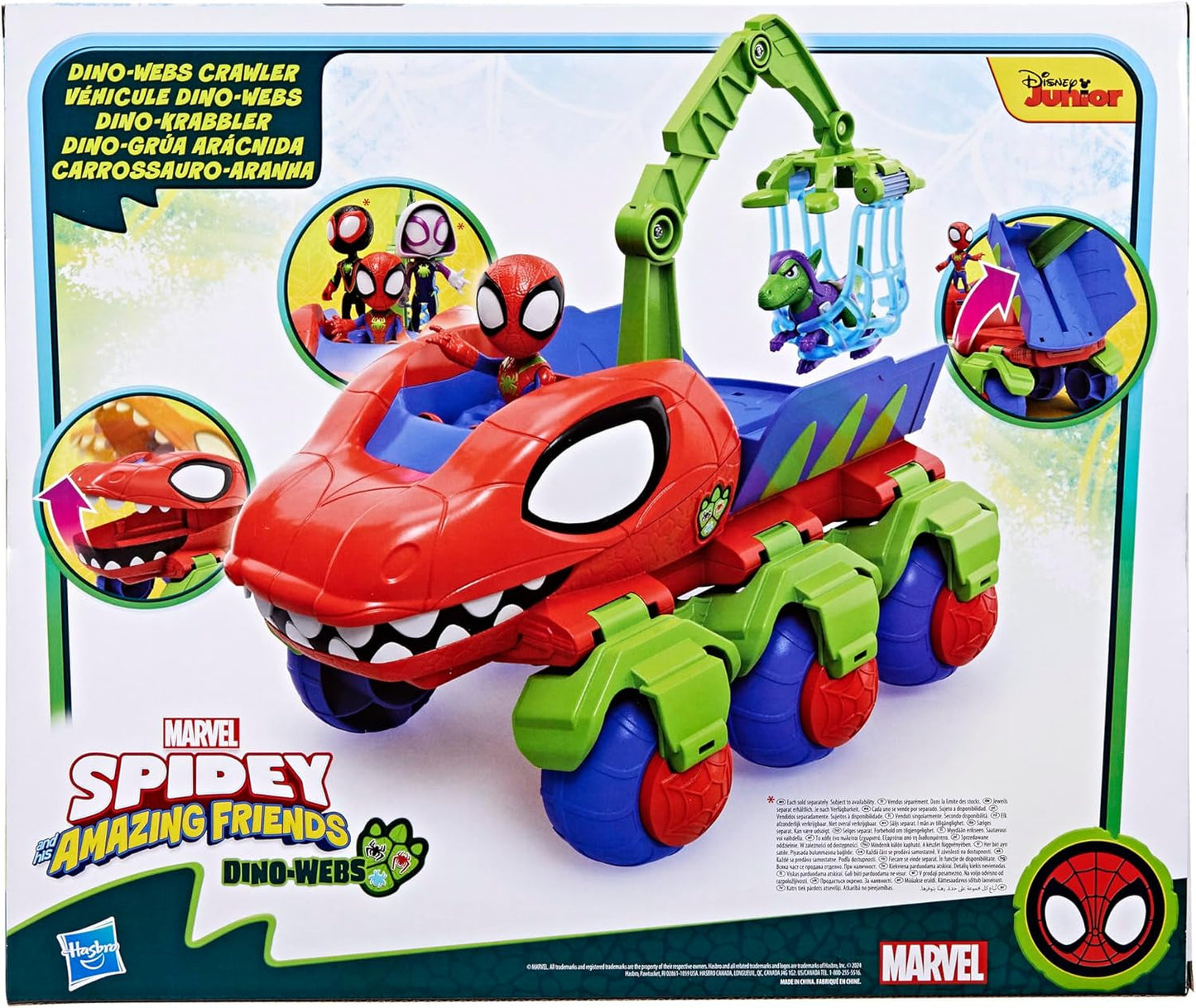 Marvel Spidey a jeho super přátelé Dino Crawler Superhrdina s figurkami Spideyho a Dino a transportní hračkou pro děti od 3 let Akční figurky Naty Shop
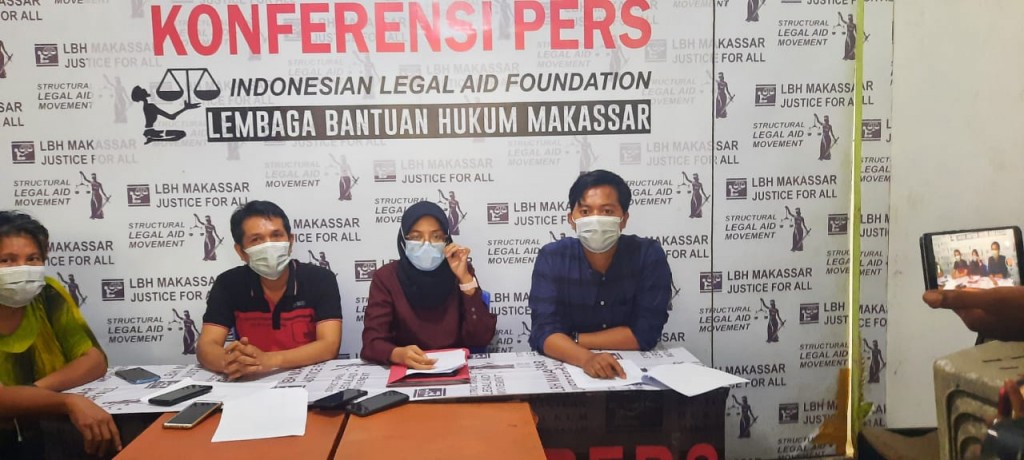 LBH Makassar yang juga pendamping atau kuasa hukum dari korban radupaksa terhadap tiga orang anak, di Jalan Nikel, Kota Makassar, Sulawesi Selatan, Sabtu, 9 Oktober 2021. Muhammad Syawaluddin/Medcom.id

...

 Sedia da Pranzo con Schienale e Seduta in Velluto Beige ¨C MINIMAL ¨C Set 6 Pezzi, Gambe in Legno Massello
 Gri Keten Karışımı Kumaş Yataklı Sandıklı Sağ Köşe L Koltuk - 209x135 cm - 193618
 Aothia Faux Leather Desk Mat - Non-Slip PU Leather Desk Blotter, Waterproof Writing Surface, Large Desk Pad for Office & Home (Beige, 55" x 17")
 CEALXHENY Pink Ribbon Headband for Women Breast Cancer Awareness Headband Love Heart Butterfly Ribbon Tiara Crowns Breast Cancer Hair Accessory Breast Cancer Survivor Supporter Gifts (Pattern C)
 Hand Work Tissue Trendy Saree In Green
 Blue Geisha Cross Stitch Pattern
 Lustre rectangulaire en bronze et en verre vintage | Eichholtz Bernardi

...

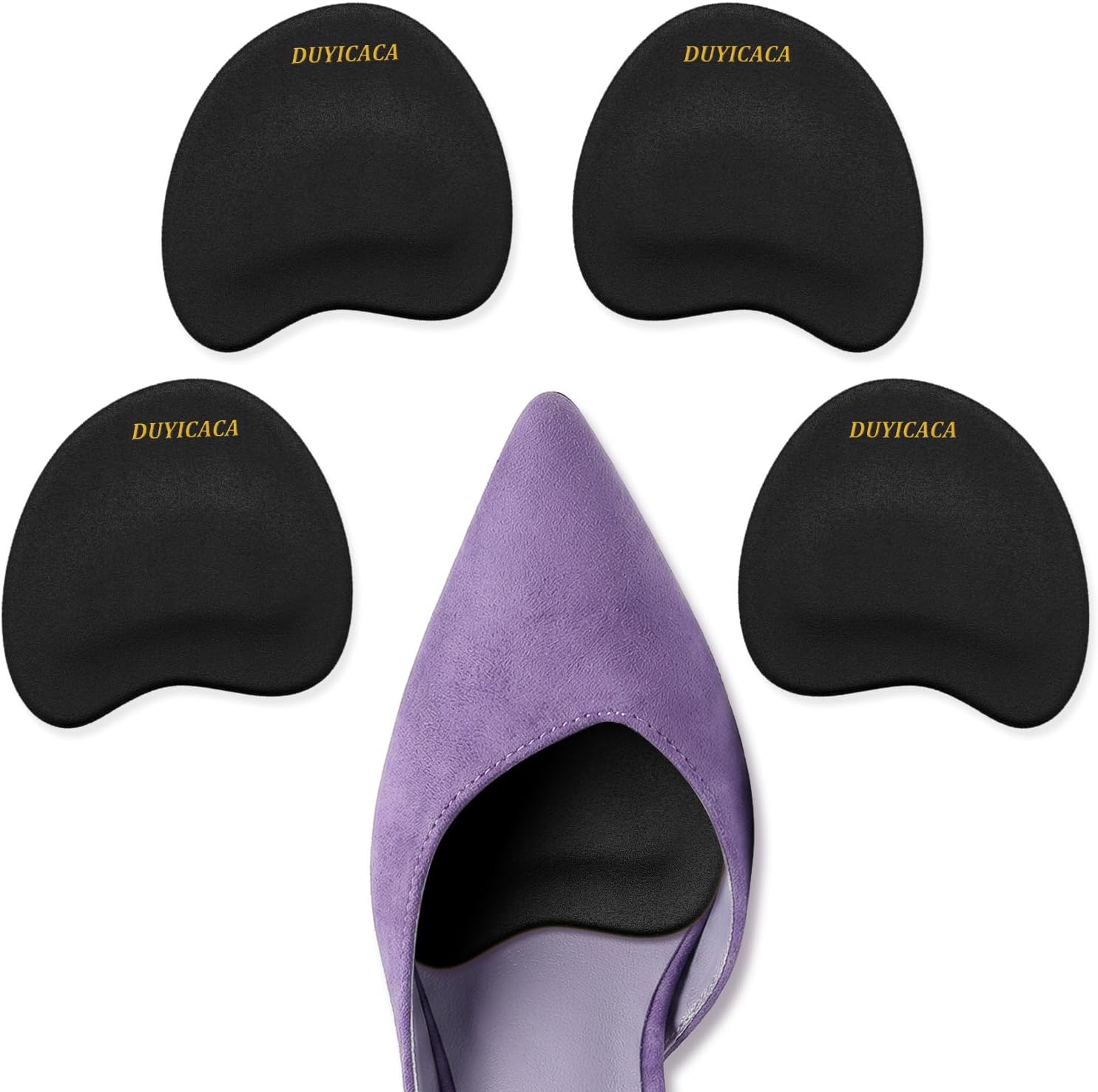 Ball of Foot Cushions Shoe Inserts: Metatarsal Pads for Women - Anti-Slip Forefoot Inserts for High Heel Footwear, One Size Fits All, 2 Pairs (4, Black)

▶ **EXERCISE AIM**
All that is wanted is the stretch of lines above from the one containing "Blue Geisha Cross Stitch Pattern" through the one containing "Lustre rectangulaire en", duplicated exactly.

▶ **THE ANSWER**
 Blue Geisha Cross Stitch Pattern
 Lustre rectangulaire en bronze et en verre vintage | Eichholtz Bernardi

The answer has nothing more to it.